Under Advanced Sampling, the parameter Sigma Shift is available. This defaults to 3 on SD3, but you can lower it to around ~1.5 if you wish to experiment with different values. Messing with this value too much is not recommended.

For upscaling with SD3, the Refiner Do Tiling parameter is highly recommended (SD3 does not respond well to regular upscaling without tiling).

SDXL Turbo and SD Turbo

Turbo models work the same as regular models, just set CFG Scale to 1 and Steps to 1 as well. Under the Sampling group set Scheduler to Turbo.

Latency Consistency Models

LCM models work the same as regular models, just set CFG Scale to 1 and Steps to 4. Under the Sampling group set Sampler to lcm.

Lightning Models

Lightning models work the same as regular models, just set CFG Scale to 1 and (TODO: Sampling specifics for lightning).

SegMind SSD-1B

SegMind SSD-1B models work the same as SD models.

Stable Video Diffusion

SVD models are supported via the "Video" parameter group. Like XL, video by default uses enhanced inference settings (better sampler and larger sigma value).

You can do text2video by just checking Video as normal, or image2video by using an Init Image and setting Creativity to 0.

Stable Cascade

Stable Cascade is supported if you use the "ComfyUI Format" models (aka "All In One") https://huggingface.co/stabilityai/stable-cascade/tree/main/comfyui_checkpoints that come as a pair of stage_b and stage_c models.

You must keep the two in the same folder, named the same with the only difference being stage_b vs stage_c in the filename.

Either model can be selected in the UI to use them, it will automatically use both.

TensorRT

TensorRT support (.engine) is available for SDv1, SDv2-768-v, SDXL Base, SDXL Refiner, SD3-Medium

TensorRT is an nvidia-specific accelerator library that provides faster SD image generation at the cost of reduced flexibility. Generally this is best for heavy usages, especially for API/Bots/etc. and less useful for regular individual usage.

You can generate TensorRT engines from the model menu.
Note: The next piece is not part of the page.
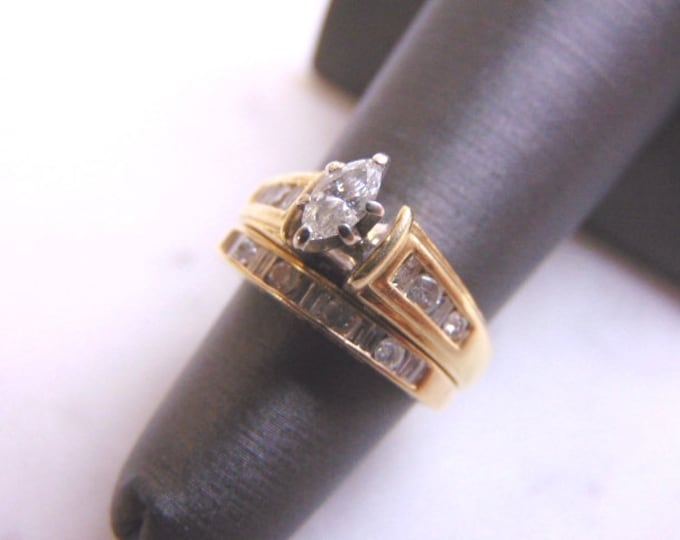 Women's Vintage Estate 14K Yellow Gold Diamond Engagement Ring Set, 4.9g E3535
This includes a button on-page to autoinstall TRT support your first time using it, and configuration of graph size limits and optimal scales. (TensorRT works fastest when you generate at the selected optimal resolution, and slightly less fast at any dynamic resolution outside the optimal setting.)
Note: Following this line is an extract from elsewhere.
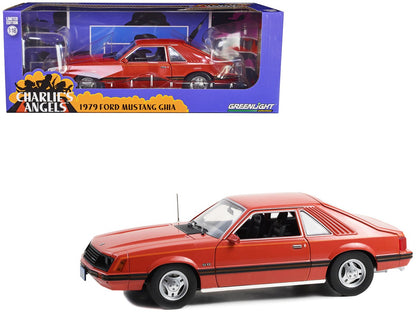 GreenLight 1:18 Charlie's Angels (1976-1981 TV Series) - 1979 Ford Mustang Ghia - Medium Red with Black Stripe Treatment 13601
Note that TensorRT is not compatible with LoRAs, ControlNets, etc.

Note that you need to make a fresh TRT engine for any different model you want to use.

PixArt Sigma

The PixArt Sigma MS XL 2 1024 model found here https://huggingface.co/PixArt-alpha/PixArt-Sigma/blob/main/PixArt-Sigma-XL-2-1024-MS.pth is supported in Swarm with a few setup steps.
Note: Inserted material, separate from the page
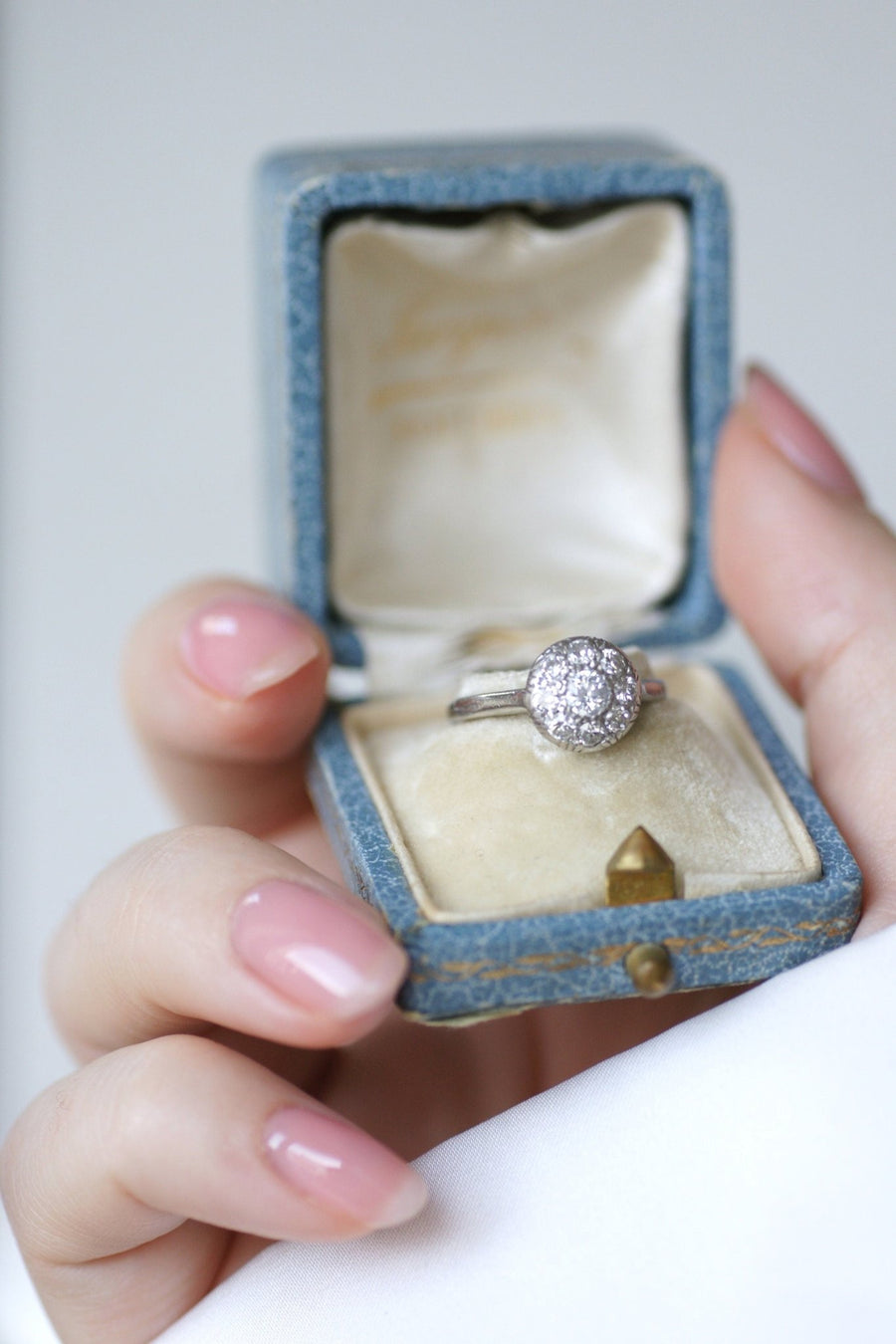 Art Deco engagement ring, platinum and diamonds - Penelope Gallery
These steps are not friendly to beginners (if PixArt gains popularity, likely more direct/automated/native support will be added), but advanced users can follow:

  • You must install https://github.com/city96/ComfyUI_ExtraModels to your Comfy backend.
  • After downloading the model, run Swarm's Utilities -> Pickle To Safetensors -> Convert Models. You need a safetensors models for Swarm to accurately identify model type.
  • After you have a safetensors model, find it in the Models tab and click the menu button on the model and select "Edit Metadata"
    • From the Architecture dropdown, select PixArtMS Sigma XL 2
    • In the Standard Resolution box, enter 1024x1024
  • Make sure in User Settings, you have a DefaultSDXLVae selected. If not, you can download this one https://huggingface.co/madebyollin/sdxl-vae-fp16-fix and save it in (Swarm)/Models/VAE
  • Swarm will autodownload T5XXL-EncoderOnly for you on first run (same as SD3-Medium T5-Only mode)
  • You can now use the model as easily as any other model. Some feature compatibility features might arise.